CENSURADOS

O primeiro livro que ganhei foi dado por meu pai quando eu tinha cinco ou seis anos, aproximadamente. Ele havia sido descartado para o lixo e meu pai, observando minha inclinação para leitura desde cedo, escolheu a mim, entre os outros quatro filhos, para ser o guardião dele. Lembro-me da alegria que foi acordar e vê-lo ao meu lado e do prazer ao dividir aquele presente com meus irmãos, amigos e amigas de escola.


Mais tarde, quando já tinha dinheiro para comprar livros, passei a lê-los e, em seguida, acomodá-los em sacos plásticos e caixas de papelão como forma de protegê-los das muitas goteiras e da poeira que enchiam a casa onde morávamos, na periferia de Araçatuba. Mas fiz uma promessa pra eles: “Assim que puder irei dar um lugar bem bacana pra vocês morarem”. Promessa cumprida: o primeiro espaço projetado da minha casa foi justamente a biblioteca. Ao me mudar pra ela, tirei um por um daqueles sacos e caixas e, com alegria, os acomodei na linda prateleira feita exclusivamente pra eles morarem. Nas primeiras noites na casa nova dormi na biblioteca admirando-os todos.


Quando leio notícias como as vindas de Rondônia e a censura imposta, depois revogada por conta da repercussão negativa que teve na mídia, a mais de quarenta autores, dentre eles clássicos como Machado de Assis, Euclides da Cunha, Mário de Andrade, Ferreira Gullar, Rubem Alves, Franz Kafka, entre outros, em pleno século 21, fico a pensar: Qual relação essas pessoas têm com os livros, com escritores e escritoras, com poetas, com as artes em geral? Será que algum deles leu ao menos a introdução ou um resumo dos livros censurados? As respostas sempre são as piores: intolerância, ignorância, desprezo pela ciência, fanatismo religioso, entre outros sentimentos e ações que só nos fazem caminhar pra trás.


Na bienal do livro do Rio de Janeiro, em 2019, o prefeito da cidade, Marcelo Crivella, mandou recolher um livro de História em Quadrinhos em que dois personagens gays se beijavam num momento da história. Detalhe: os quadrinhos estavam fechados, sem exposição explícita do “beijo gay” e, atenção, um de-se-nho. Ação infrutífera, já que a obra foi esgotada antes mesmo da ordem de recolhimento.


Mais recentemente, a Biblioteca da Presidência da República foi praticamente destruída para dar lugar, pasmem, a um gabinete com banheiro para a primeira-dama, manter suas reuniões com a equipe do programa Pátria Voluntária. Entretanto, em julho de 2019, ela já havia ganhado uma sala, cuja reforma custou mais de 300 mil reais do dinheiro público.
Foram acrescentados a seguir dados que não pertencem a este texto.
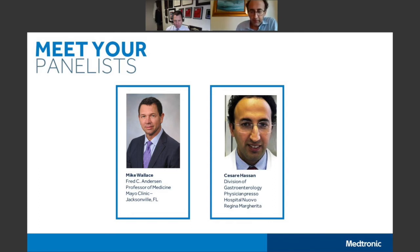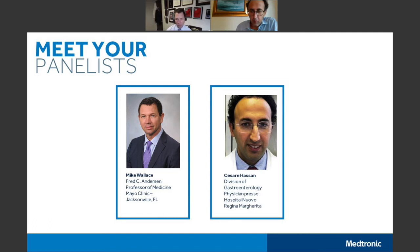You mentioned the easy enrollment of patients in clinical studies. Can you share a little bit more about major studies that have impacted the GI society with AI?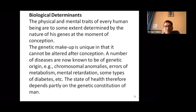Biological determinants of health: the physical and mental traits of every human being are to some extent determined by the nature of the genes at the moment of conception. The genetic makeup is unique in that it cannot be altered after conception. A number of diseases are known to be of genetic origin — chromosomal anomalies, errors of metabolism, mental retardation, some types of diabetes, etc. The state of health therefore depends partly on the genetic constitution of an individual.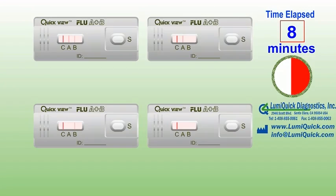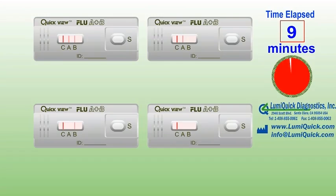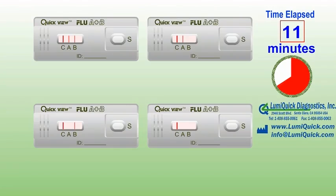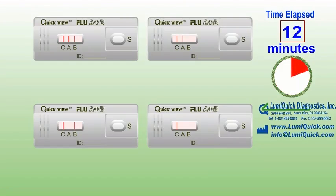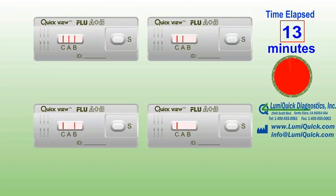QuickView Influenza A test is an in vitro immunochromatographic assay for the qualitative detection of influenza type A nucleoprotein antigens in nasopharyngeal swab, nasal swab, and nasal aspirate samples. The identification is based on monoclonal antibodies specific for the nucleoprotein of influenza virus.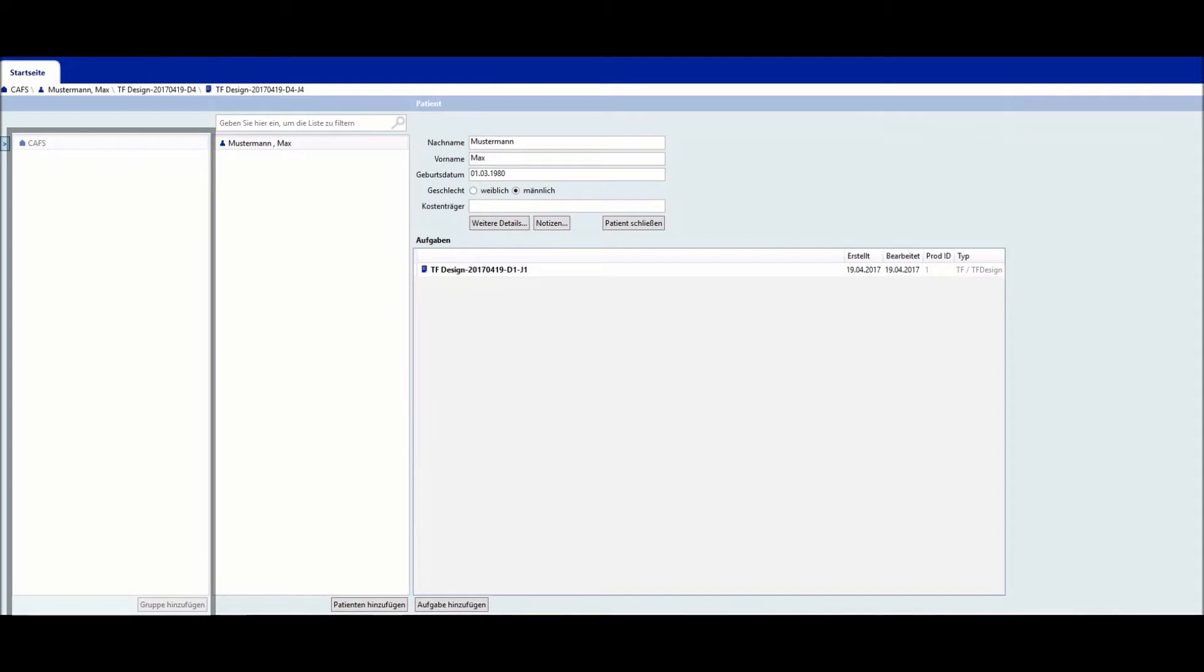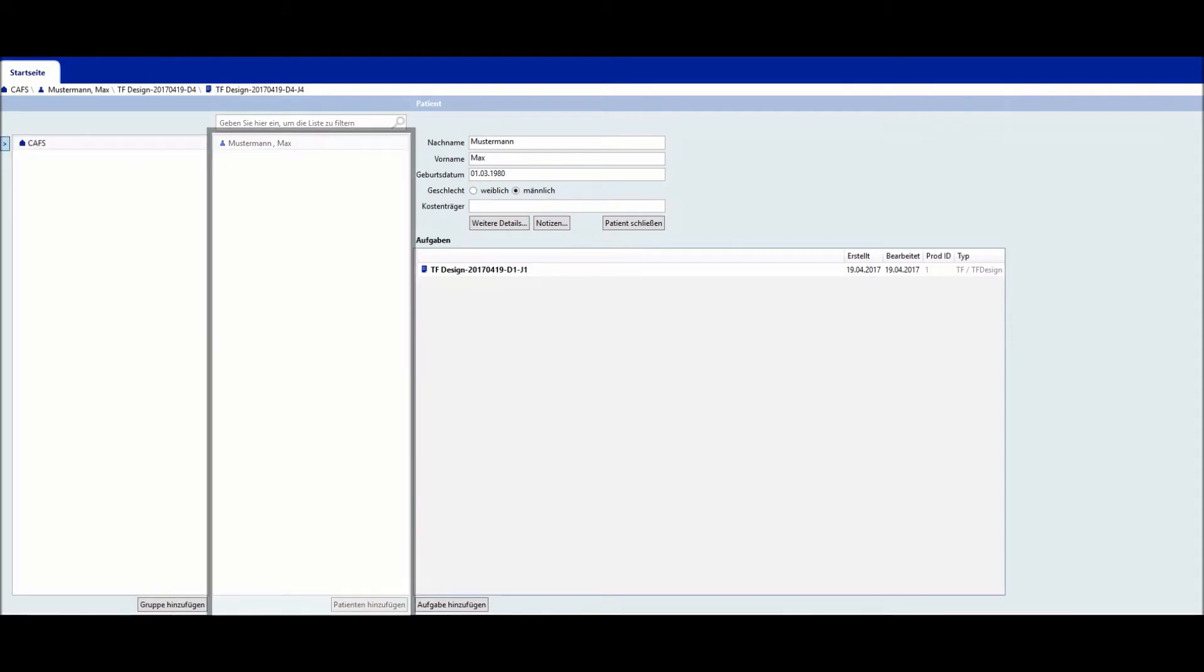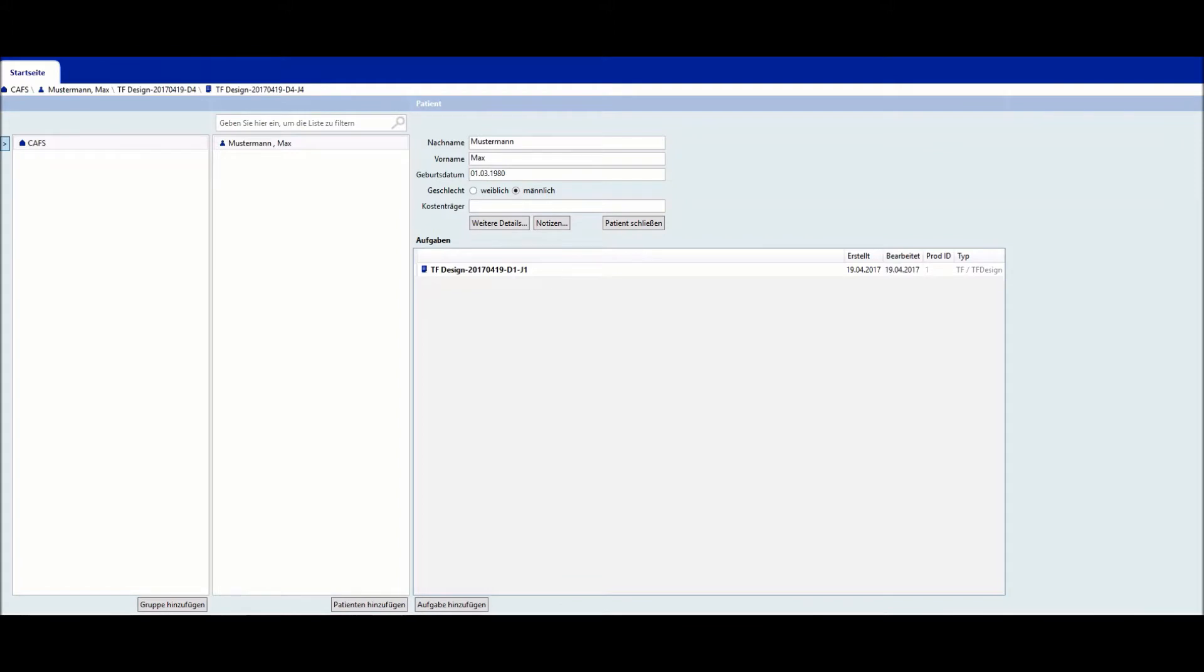Various groups can be created in the left-hand field. In the center field, existing patients can be selected or a new patient can be created. This is done by entering all of the relevant data in the provided fields.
O acervo da Biblioteca da Presidência da República, composta por mais de 42 mil itens, ficou jogado, em sua maior parte, por corredores do Palácio, sem definição para onde iria. Como de praxe, houve protesto e os Bolsonaro voltaram atrás.


Coincidência ou não, em todos os casos citados acima, as ordens vieram de gestores evangélicos, o que caracteriza a postura de uma parcela da chamada ala cristã em relação ao pluralismo de ideias, ao diferente, às minorias, à ciência e tudo mais que foge do escopo conservador.


É em um livro de ficção em que história parecida irá ocorrer: num cenário “cristão”, na Idade Média, numa biblioteca onde os que ousam transgredir à proibição de ter acesso e ler livros têm como resultado a morte. Trata-se de “O nome da Rosa” de Umberto Eco. Sim, o mesmo que, pouco antes de morrer, sentenciou a internet como o espaço que deu vez e voz a imbecis. As aproximações entre ficção e realidade ficam por conta de vocês. Um conselho: se ficou interessado(a) pelo livro de Eco vá logo a uma biblioteca ou livraria e adquira o seu, antes que seja censurado também.